Hydrodynamic conditions are likely to be a significant factor influencing algal growth. Research indicates that the DJKR experiences notable thermal stratification, with the thermocline situated between 2 and 15 m below the surface, averaging around 10 m in thickness, and the stratification influences the distribution of nitrogen and phosphorus, thereby impacting the community structure of phytoplankton77. Heavy rainfall can severely disrupt this stratification, resulting in increased dissolved oxygen levels that inhibit nutrient release from sediments and consequently reduce phytoplankton biomass78. Additionally, the reservoir’s phytoplankton diversity index is higher in spring and winter and lowest in autumn28, likely due to variations in flow velocity and volume. Historical data reveal that the monthly average of DJKR inflow is highest from July to October, peaking at 2410 m3/s. The intake flow velocity and volume are greatest in autumn and lowest in winter, with annual averages of 0.76 m/s and 203.48 m3/h, respectively28. High flow velocity conditions negatively affect algal growth79. If hydrodynamic conditions are incorporated as a factor in constructing a structural equation model, the initial model should illustrate that hydrodynamic factors directly influence physicochemical factors, nutrient factors, organic pollution factors, and phytoplankton, and indirectly influence phytoplankton through physicochemical, nutrient, and organic pollution factors. The causal pathways among the remaining three factors should remain consistent with those observed in this study. A thorough elucidation of the driving mechanisms of planktonic algae necessitates considering additional factors, which will be addressed in future research.

Conclusions

This study developed a methodological framework for analyzing spatiotemporal distributions of algal proliferation and quantifying the driving mechanism using multivariate statistical techniques and structural equation models. The Danjiangkou Reservoir, i.e., the core water source area of the South-to-North Water Diversion Project of China, was taken as a study case. The risks of Chl-a concentration changes at the TC station were analyzed using the Copula function and Bayesian theory. The main conclusions are as follows:

  1. (1)

    Chl-a concentration distributions exhibited significant spatiotemporal variations in the DJKR, and Chl-a was relatively higher in spring than in other seasons. The factors driving algal proliferation differed spatially. Water physicochemical factors and CODMn had both direct and indirect effects on Chl-a by influencing mediator nutrient variables, whereas nutrient factors had direct effects on Chl-a variations.

  2. (2)

    In the DR, the dominant factor driving Chl-a was the water physicochemical factors, whereas nutrients were the dominant factor in the Han reservoir.
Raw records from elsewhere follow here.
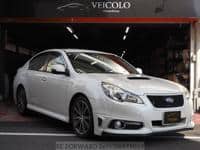 2012 SUBARU LEGACY B4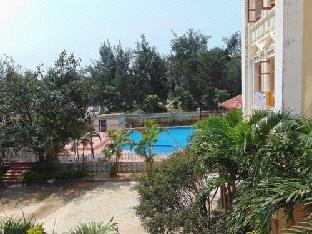 ban mai hotel quang binh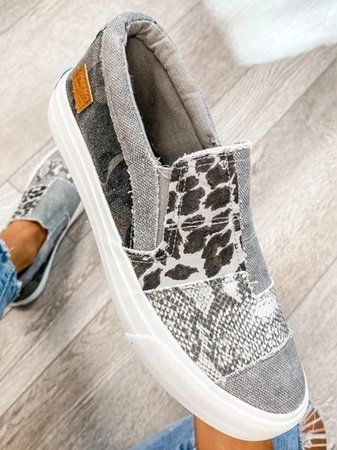Valenza™| Noemi Orthopedic Loafers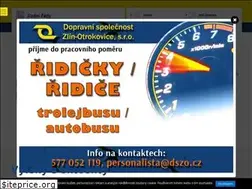 Sites similar to dszo.cz
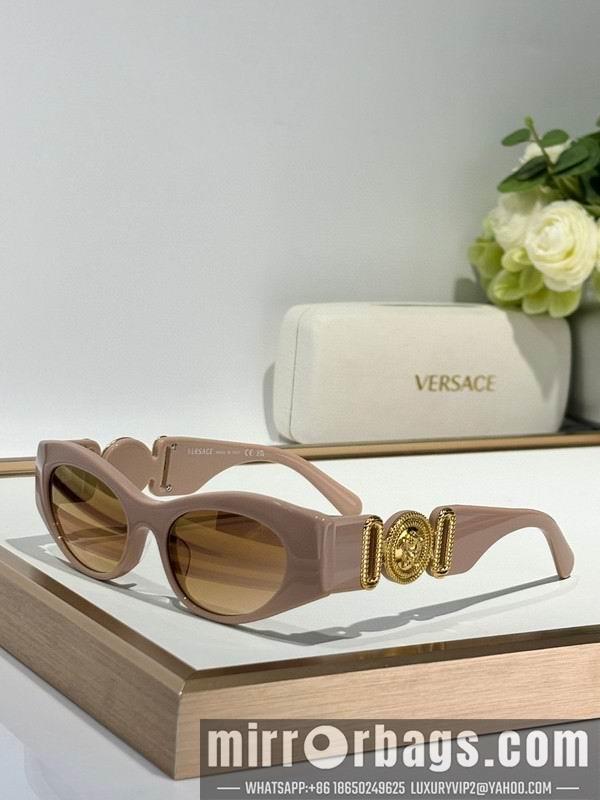 Replica Versace Glasses 03smh48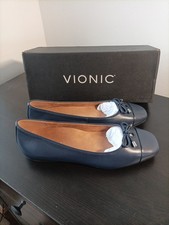 Bnib Vionic Klara Nappa Ladies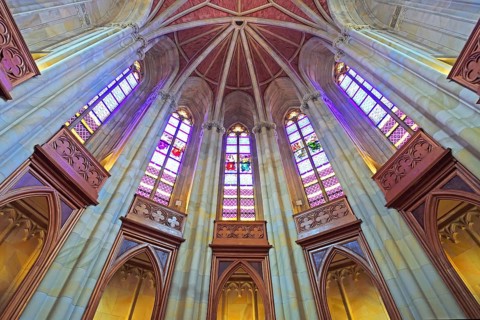 Friedrichswerder Church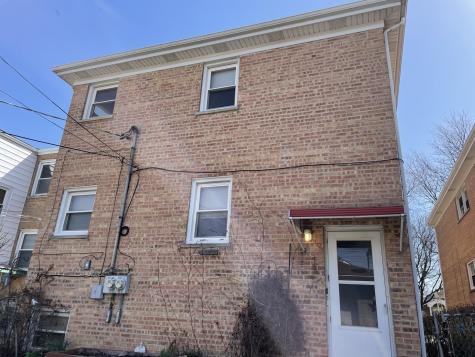 5408 North Central Avenue Chicago IL 60630
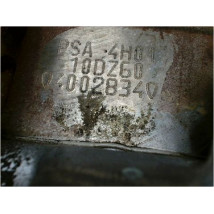 MOTEUR DIESEL CITROEN C5 2.2 HDi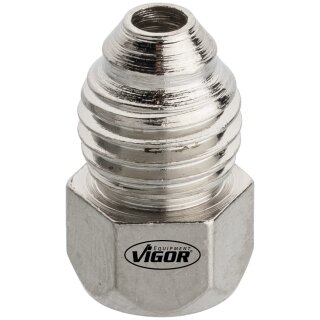 Vigor MUNDSTUECK F. BLINDNIETEN 4,8 MM F.V2788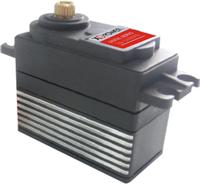 XQ-POWER XQ-S4008D 6V 8kg-cm Digital Servo with Metal Gear;High speed;Aluminium Frame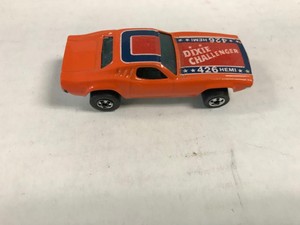 hot wheels dixie challenger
When Chl-a concentrations in other areas of the DJKR ranged from the minimum to the upper quartile, the probabilities of the TC station Chl-a exceeded 3.4 μg/L (owing to the influences of other parts of the DJKR) were all less than 10%. Thus, the risk of planktonic algal proliferation at the MRSNWDPC intake is currently low.

Due to limitations in data and numerical models, this study does not account for the effects of climate and hydrodynamic factors on algae, nor the impacts of pollutant input and biological migration under different hydrological conditions. Future research should comprehensively consider the influence of climate/hydrodynamic factors on algae proliferation, establish a mathematical model of mechanism, and quantitatively analyze the environmental impact of pollutant input and algae migration under different hydrological conditions so as to make a more reliable and informative comparative analysis of the relevant statistical models and achievements.